Biden also punched at Facebook. Declaring that too many American children confront “bullying, violence, trauma, and the harms of social media,” he said, “we must hold social media platforms accountable for the national experiment they’re conducting on our children for profit.” He praised Frances Haugen, another guest in the gallery. She’s the Facebook whistleblower who last year disclosed tens of thousands of the company’s internal documents to the Wall Street Journal and the Securities and Exchange Commission, some of which showed that Facebook knew its products harmed children, particularly girls. “It’s time to strengthen privacy protections, ban targeted advertising to children, demand tech companies stop collecting personal data on our children,” Biden asserted.
Fortune 500 companies and billionaires who don’t pay taxes, the pharmaceutical industry that price-gouges, monopolies, PE firms, Big Tech, gunmakers—this was a populist roster that synced well with the overall progressive bent of Biden’s speech and his Build a Better America agenda, which includes proposals for lowering health care, day care, and energy costs for low- and middle-income Americans.
There was one adversary, though, that Biden left off his list: Republicans. He took few shots at the political opposition that has obstructed him and that appears more focused on derision than discussion, more eager to troll than legislate, and more keen on protecting Trump than serving the public. He thanked his “Republican colleagues” for backing the bipartisan infrastructure bill. (Only 19 out of 50 GOP senators voted for the measure, and a measly 13 House Republicans supported it.) He took a swing at “the previous administration” for enacting a $2 trillion tax cut “that benefitted the top 1 percent of Americans”—without naming the former guy or referring to the GOP. He noted, “In state after state, new laws have been passed, not only to suppress the vote…but to subvert the entire election.” But he didn’t call out the party orchestrating that nefarious effort.
Biden made no direct reference to the January 6 attack or the Republican efforts to dismiss that horrific event and thwart an investigation of it. There was nothing said regarding the Big Lie and the GOP attempt to overturn the election results. In retrospect, this is not a complete surprise. Biden fixated on promoting his ideas and his accomplishments. And he proposed a four-part “Unity Agenda” that he insisted was ready-made for collaboration between Democrats and Republicans: addressing the opioid crisis, promoting mental health programs (especially for children); improving health care for veterans; and creating an advance research program to to drive breakthroughs in the treatment of cancer, Alzheimer’s, diabetes, and other diseases. As we all know, Biden craves bipartisan achievement, and if he’s pressing Republicans to join a Unity Agenda, he’s not going to pummel them in the same speech. That ain’t Joe.
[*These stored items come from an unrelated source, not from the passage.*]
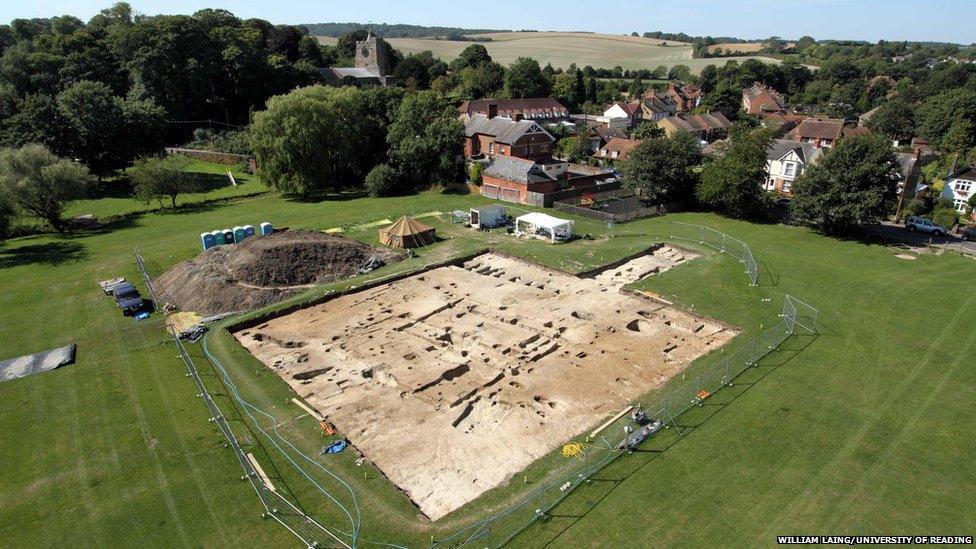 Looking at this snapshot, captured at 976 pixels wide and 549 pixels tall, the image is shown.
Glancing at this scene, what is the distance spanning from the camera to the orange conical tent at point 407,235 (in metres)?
41.4

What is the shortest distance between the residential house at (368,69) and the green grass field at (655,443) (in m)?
87.9

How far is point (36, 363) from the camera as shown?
2581cm

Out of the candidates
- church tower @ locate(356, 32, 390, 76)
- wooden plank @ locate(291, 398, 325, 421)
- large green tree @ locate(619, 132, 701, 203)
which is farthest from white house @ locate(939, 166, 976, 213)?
church tower @ locate(356, 32, 390, 76)

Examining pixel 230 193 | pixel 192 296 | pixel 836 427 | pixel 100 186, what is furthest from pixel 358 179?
pixel 836 427

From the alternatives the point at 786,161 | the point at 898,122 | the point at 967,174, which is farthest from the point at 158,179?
the point at 898,122

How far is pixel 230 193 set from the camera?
2427 inches

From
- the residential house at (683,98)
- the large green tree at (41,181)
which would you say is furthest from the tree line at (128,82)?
the residential house at (683,98)

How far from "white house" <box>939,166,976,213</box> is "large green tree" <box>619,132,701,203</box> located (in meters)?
26.2

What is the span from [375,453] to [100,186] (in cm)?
6241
Yet before the coming midterm elections, Biden and the Democrats, to have any chance of beating back a red tide, will have to persuade American voters that the Republicans are the reason why popular programs—universal pre-K, expanded Medicare, lower drug prices—are not happening. If you decry tax breaks for billionaires and corporations and voter suppression—and expect voters to side with you—you have to name names and show receipts. Biden may not consider Republicans his enemies. But that’s certainly how they see him. And for Biden to have any shot of hitting the targets he identified in his speech, he will have to add the Rs to his list.